Sleep quality was measured by use of the Pittsburgh Sleep Quality Index (PSQI) .

The PSQI assesses sleep quality in the previous month. It comprises 19 items for self-reported sleep quality in the last month and five additional questions to be answered by roommates, if applicable. These five additional questions are not tabulated in the scoring of the PSQI. The 19 items are grouped into seven component scores: sleep quality, sleep latency, sleep duration, efficiency of habitual sleep, sleep disturbance, use of sleep medication, and diurnal dysfunction. These are then added to a global PSQI score. The PSQI score ranges from 0 to 21, with a higher score indicative of poorer sleep quality.

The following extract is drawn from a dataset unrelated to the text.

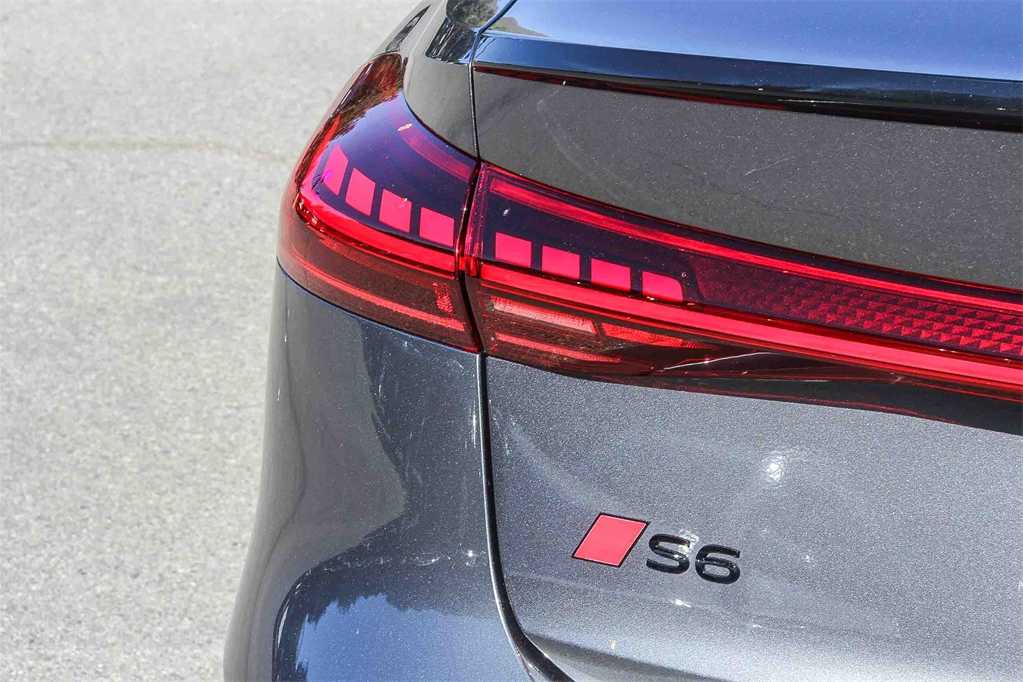 Thumbnail: 2025 Audi e-tron S - 11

Poor sleep quality is assumed for values above five. This empirically derived cut-off value indicates higher difficulty in at least two components, or moderate difficulty in more than three components.

Chronic stress

Chronic stress was measured by use of the Trier Inventory for Assessment of Chronic Stress (TICS) . By use of 57 questions, this standardized questionnaire assesses nine factors: work overload, social overload, pressure to perform, work discontent, excessive demands from work, lack of social recognition, social tensions, social isolation, and chronic worrying. It also provides a screening scale for chronic stress.

Raw values were converted into weighted (T-) values according to the age of the participants.

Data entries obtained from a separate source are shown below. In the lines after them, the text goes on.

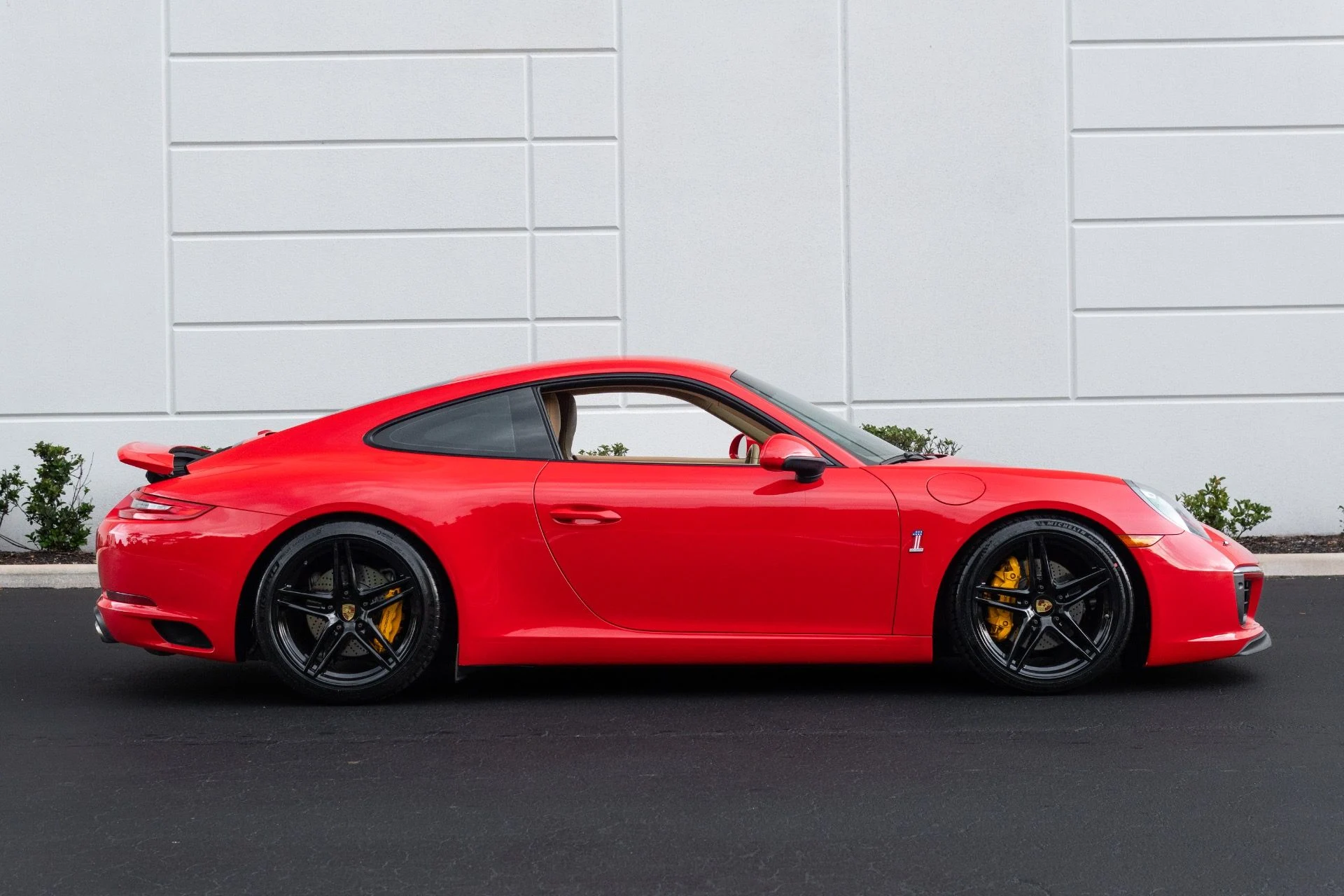 mph013_3238737297_Used_2017_Porsche_911_Carrera_1778631972_d0231020e5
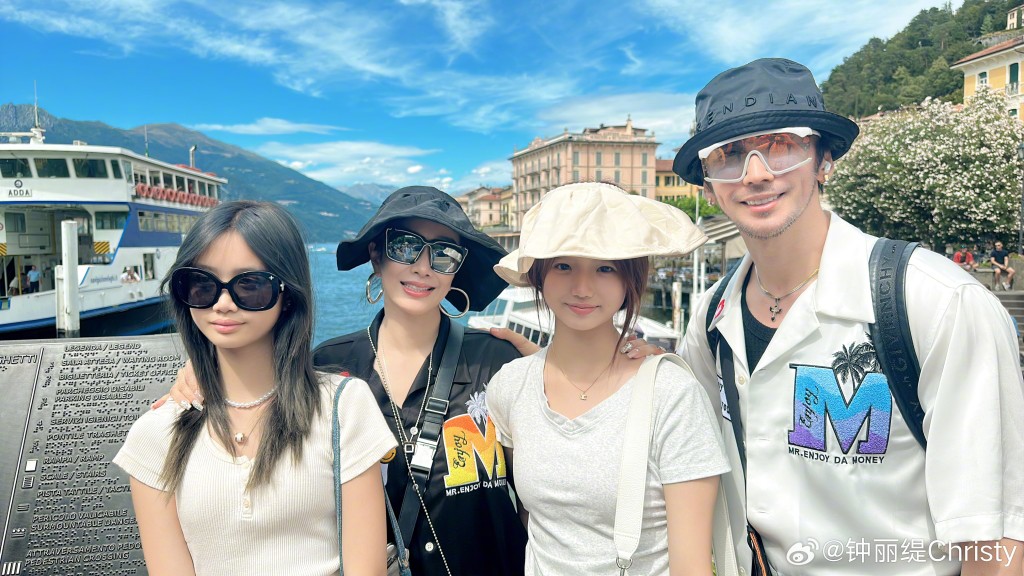 鍾麗緹夫婦不時帶著兩名女兒到處遊玩。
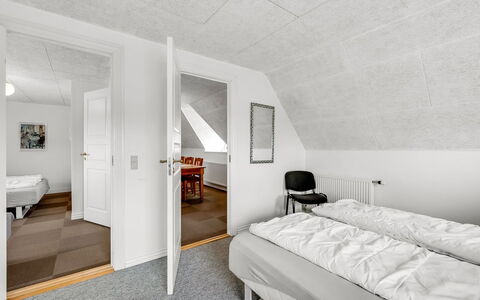 Darleen - 850M to the Fjord: Meubles, Design Intérieur, Sol, Bois, Sol, Pièce, Salon, Canapé, Éclairage, Table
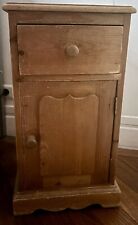 table de chevet bois Massif D’épicéa de La Marque Interior’s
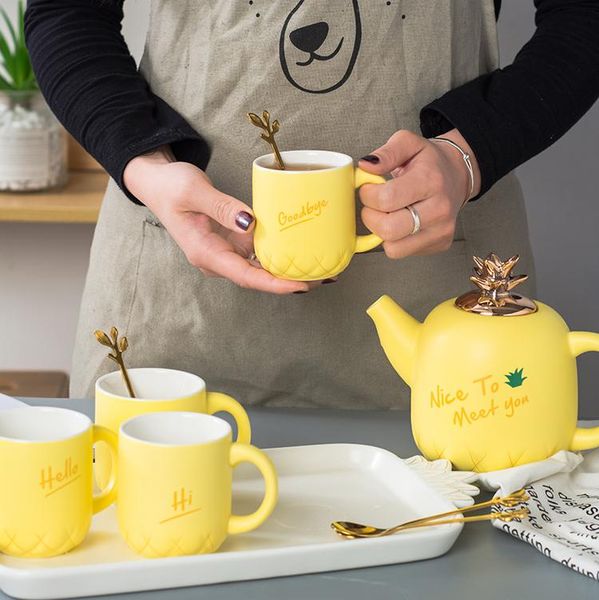 mugs simple afternoon tea set ceramic black teapot european coffee cup household water
mugs simple afternoon tea set ceramic black teapot european coffee cup household water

A T-value higher than 50 indicates higher stress in the respective factor. The same applies to the stress screening scale.

Nicotine abuse, body mass index, and work status

Participants were also asked about their nicotine consumption, i.e., whether they were a non-smoker, smoker, or ex-smoker. Participants’ body mass index (BMI) and work status were obtained from the PSQI questionnaire.

Statistical analysis

Data were evaluated by use of statistical software (SPSS 24; IBM Corp., New York, United States and SAS version 9.4; SAS Institute Inc., Cary, United States) with the participant as the statistical unit. Statistical evaluation included chi-squared tests for categorical data and Kruskal–Wallis tests for ordinal data. Statistical significance was set at α = 0.05. For BMI, the Receiver Operating Characteristic curve (ROC curve) was also plotted and the Youden Index optimal cut-point was calculated to discriminate between bruxers and non-bruxers. The Youden Index used as a performance index to assess the accuracy of diagnostic tests assigns equal weight to sensitivity (i.e. the probability of correctly identifying the presence of sleep bruxism on the basis of BMI value) and specificity (i.e. the probability of correctly identifying the absence of sleep bruxism on the basis of BMI value) in the formula Youden Index = sensitivity + specificity – 1. Selecting an optimal cut-off on the basis of the Youden Index ensures the used cut-off used is both highly sensitive and specific.

Results

The study group comprised 67 participants ( Table 1 ). For one participant, no PSQI data and, therefore, no BMI data were available. Because another two participants (one male, one female) did not provide information about their weight, their BMI could not be calculated.

Table 1
Demographic data of participants.
Variable Non-Bruxer Bruxer Total
Gender
n (%) male 10 (34.5) 16 (42.1) 26 (38.8)
n (%) female 19 (65.5) 22 (57.9) 41 (61.2)
Age
Mean (SD) 59.7 (13.1) 49.7 (10.5) 54 (12.6)
Min/Max 20/80 30/72 20/80

Of the 67participants, 38 were identified as bruxers (SB episodes >2) and 29 as non-bruxers. The 38 bruxers were further categorized into 17 moderate bruxers (SB episodes >2 and ≤4) and 21 intense bruxers (SB episodes >4).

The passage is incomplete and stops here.